**TASK REQUIREMENTS**
Your answer must be an exact transcription of the lines from the line with "Futerały OnePlus 8" through the final line of the data.

════════════════════

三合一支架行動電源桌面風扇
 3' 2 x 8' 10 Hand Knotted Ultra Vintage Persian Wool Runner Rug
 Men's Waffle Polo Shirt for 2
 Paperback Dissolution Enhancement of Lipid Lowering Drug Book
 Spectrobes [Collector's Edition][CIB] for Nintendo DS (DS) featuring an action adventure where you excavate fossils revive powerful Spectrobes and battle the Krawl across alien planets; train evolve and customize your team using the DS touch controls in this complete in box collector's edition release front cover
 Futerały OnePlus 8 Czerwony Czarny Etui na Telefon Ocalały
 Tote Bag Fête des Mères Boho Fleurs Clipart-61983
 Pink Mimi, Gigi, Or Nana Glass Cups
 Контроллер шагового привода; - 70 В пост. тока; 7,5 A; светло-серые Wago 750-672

════════════════════

**SOLUTION TO THE EXERCISE**
 Futerały OnePlus 8 Czerwony Czarny Etui na Telefon Ocalały
 Tote Bag Fête des Mères Boho Fleurs Clipart-61983
 Pink Mimi, Gigi, Or Nana Glass Cups
 Контроллер шагового привода; - 70 В пост. тока; 7,5 A; светло-серые Wago 750-672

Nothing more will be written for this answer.